A case in point: during the conference, one key American politician took it upon himself to essentially declare to all of those assembled from the Muslim world that they should be grateful that the US had learnt from the Iraq war fiasco, and that it had been more restrained in Libya.
"Is he looking for the region to thank the US for not invading Libya and causing more mayhem?" I asked one of the American delegates. She could only sigh and shake her head.
The US does deserve credit for preventing a massacre in Benghazi, but let's not thank Washington for not being stupid. The United States should have known better in Iraq - and it would be absurd if it had not learnt that lesson already.
On another occasion, we were subjected to having to listen, time and time again, to the idea that American ideals and American interests are now one and the same, and this is why US backed the protesters in Egypt and intervened in Libya.
It's a fine sentiment - and I suspect one that many Americans wish were true. The trouble comes when these ideals are put to the test. When Secretary Clinton visited Egypt recently, she was not welcomed with rallies of support, but by protesters who demanded an apology from the US for supporting the former president, Hosni Mubarak, for three decades.
When Ms Clinton gave her speech at the Brookings forum, she certainly received a standing ovation - but afterwards she had to answer the very direct antagonism expressed by a young Bahraini civil rights activist who demanded to know why American action in the Gulf was so meek.
None of that is entirely surprising. Frankly, it's the standard rule in international relations: those who lead a nation must put the interests of their nation first. Because of its size and stature, the US is criticised more often for pushing its own interests ahead of others. But every country does the same thing.
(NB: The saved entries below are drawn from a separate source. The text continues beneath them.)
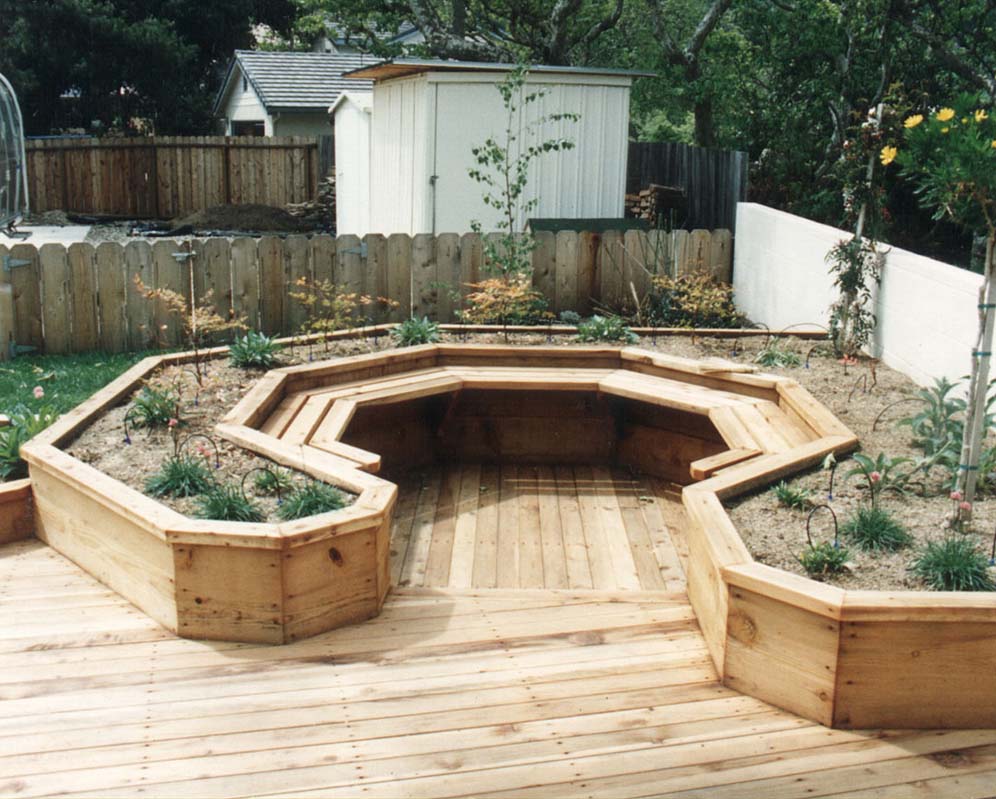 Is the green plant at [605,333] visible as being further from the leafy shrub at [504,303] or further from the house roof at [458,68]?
the house roof at [458,68]

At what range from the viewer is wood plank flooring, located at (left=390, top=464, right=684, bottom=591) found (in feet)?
18.6

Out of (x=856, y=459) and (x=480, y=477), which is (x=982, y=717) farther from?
(x=480, y=477)

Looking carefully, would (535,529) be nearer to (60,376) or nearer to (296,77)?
(60,376)

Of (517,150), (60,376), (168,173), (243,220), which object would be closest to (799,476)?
(60,376)

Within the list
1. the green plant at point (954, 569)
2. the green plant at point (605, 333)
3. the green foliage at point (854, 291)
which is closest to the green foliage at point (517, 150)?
the green plant at point (605, 333)

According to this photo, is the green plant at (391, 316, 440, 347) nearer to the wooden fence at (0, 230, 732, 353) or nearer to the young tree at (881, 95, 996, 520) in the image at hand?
the wooden fence at (0, 230, 732, 353)

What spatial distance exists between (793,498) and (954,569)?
101 cm

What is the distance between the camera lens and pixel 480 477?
7.39 m

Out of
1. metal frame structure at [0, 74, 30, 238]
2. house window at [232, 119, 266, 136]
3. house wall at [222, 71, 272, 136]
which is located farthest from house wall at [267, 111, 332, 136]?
metal frame structure at [0, 74, 30, 238]

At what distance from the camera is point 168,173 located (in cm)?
2211

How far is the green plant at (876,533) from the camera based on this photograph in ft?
13.8

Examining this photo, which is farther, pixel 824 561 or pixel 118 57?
pixel 118 57

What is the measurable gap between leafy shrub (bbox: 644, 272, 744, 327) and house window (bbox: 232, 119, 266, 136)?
20.0m

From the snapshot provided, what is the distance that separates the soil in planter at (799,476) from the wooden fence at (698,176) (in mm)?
3760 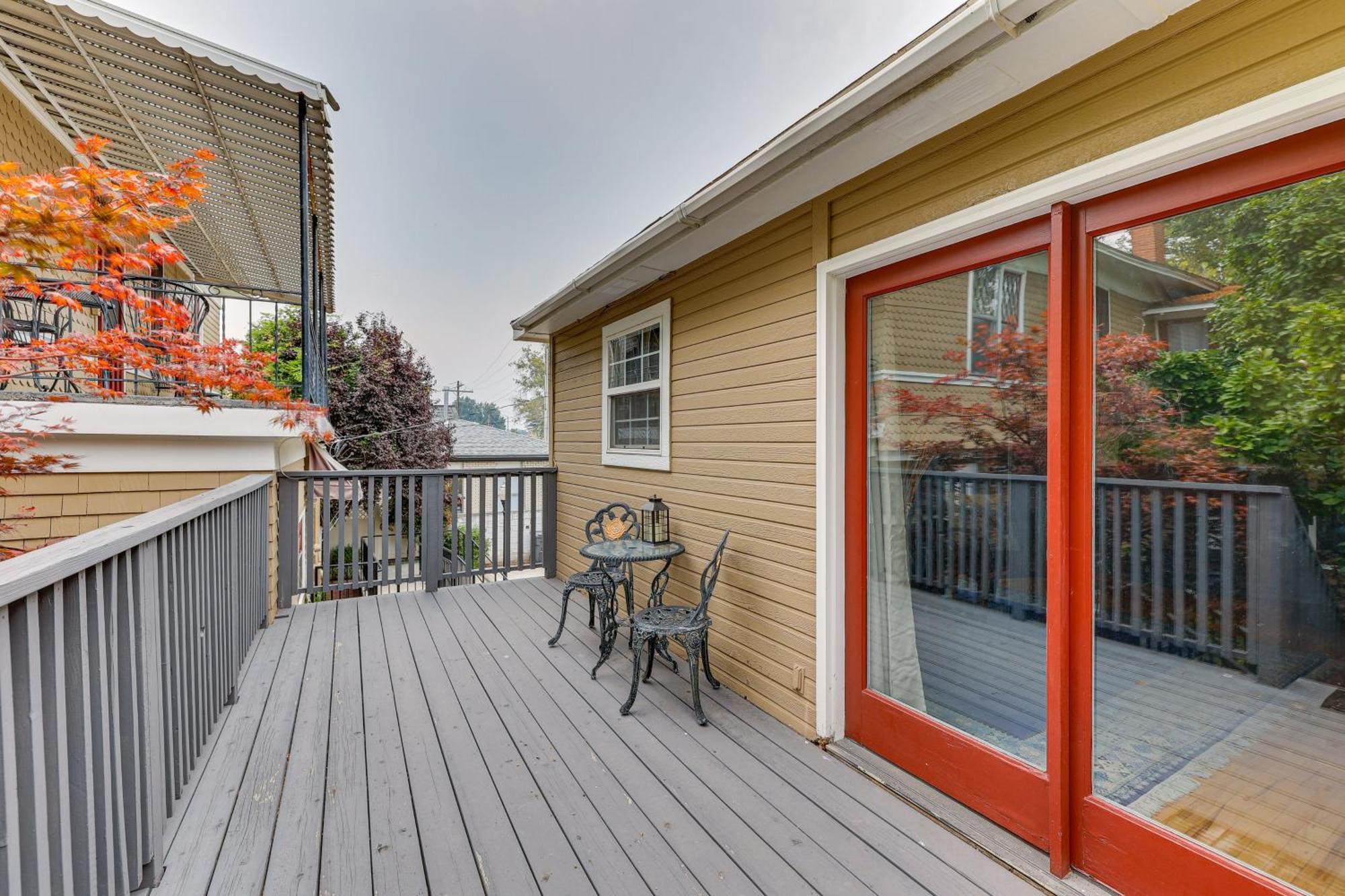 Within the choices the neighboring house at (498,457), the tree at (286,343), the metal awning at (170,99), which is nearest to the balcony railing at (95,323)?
the metal awning at (170,99)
Where things get interesting, however, is when a country's interests are defined in a way that might converge with principle. Egypt's protesters received the support of the US because it became clear that the unsustainable situation of a police state in Egypt was, in fact, unsustainable.
The lack of sustainability leads to instability - and instability leads to a poor environment for trade and general prosperity, both internally and externally. As such, America's strategic interests lay with the people of Egypt - because it seemed they were the key to stability.
There are other unsustainable situations in the Arab world. Two of them stand out most of all - the lack of enfranchisement of Arab citizens in terms of how their countries are run, and the festering problem of the Palestinian-Israeli conflict.
The first problem is being looked at very closely in Washington, as well as world-wide. I met a wide variety of public officials, inside and outside of the forum, where this was very clear. There was a sense of excitement, just on a human level, on what this meant for the people of the Arab world. But this was balanced by a fear of what may come to pass - because they were aware that their popular standing in the region is not the best.
The second problem is not being considered particularly at all - except through the prism of what it means for the security of Israel? Understandable, perhaps, but not a particularly long-sighted view. Israel's future is now in a region where people-power counts for more than it used to, and as such, is in a far more precarious situation than when the Mubaraks of the region were still in charge.
If nothing else, the US-Islamic World Forum is a place where such issues can be, often are and should continue to be interrogated.
This year, the forum's eighth, was different for many reasons, from location to level of American participation. More importantly, though, were the participants from this side of the world. This time, Arabs walked in with their heads held high, not because of what they achieved hundreds of years ago, but because of what they achieved in Tahrir Square a few weeks ago. It's definitely a new era in US-Islamic world relations.
Dr HA Hellyer is Fellow at the University of Warwick, and senior advisor to www.tahrirsquared.net.